Collected data entries:
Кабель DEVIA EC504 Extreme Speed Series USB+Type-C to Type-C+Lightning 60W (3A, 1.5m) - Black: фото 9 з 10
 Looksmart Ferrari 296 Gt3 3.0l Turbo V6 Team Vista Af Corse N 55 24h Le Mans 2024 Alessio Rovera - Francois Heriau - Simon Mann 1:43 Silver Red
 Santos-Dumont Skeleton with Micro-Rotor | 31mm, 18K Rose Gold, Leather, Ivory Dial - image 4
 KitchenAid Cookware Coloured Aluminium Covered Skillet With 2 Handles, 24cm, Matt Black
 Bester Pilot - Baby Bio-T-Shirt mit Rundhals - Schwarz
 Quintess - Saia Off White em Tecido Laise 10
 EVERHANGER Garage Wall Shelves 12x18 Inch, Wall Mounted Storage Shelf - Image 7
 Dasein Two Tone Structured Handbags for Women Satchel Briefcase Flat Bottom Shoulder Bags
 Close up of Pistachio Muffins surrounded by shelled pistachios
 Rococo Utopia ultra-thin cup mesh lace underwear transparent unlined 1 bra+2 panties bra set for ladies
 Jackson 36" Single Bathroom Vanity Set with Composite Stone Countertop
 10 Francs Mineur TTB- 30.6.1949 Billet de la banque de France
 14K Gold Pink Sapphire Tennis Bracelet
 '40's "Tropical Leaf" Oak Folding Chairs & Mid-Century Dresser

Work order:
Would you copy all lines in the records where the string "Gold" appears?

Answer to this problem:
 Santos-Dumont Skeleton with Micro-Rotor | 31mm, 18K Rose Gold, Leather, Ivory Dial - image 4
 14K Gold Pink Sapphire Tennis Bracelet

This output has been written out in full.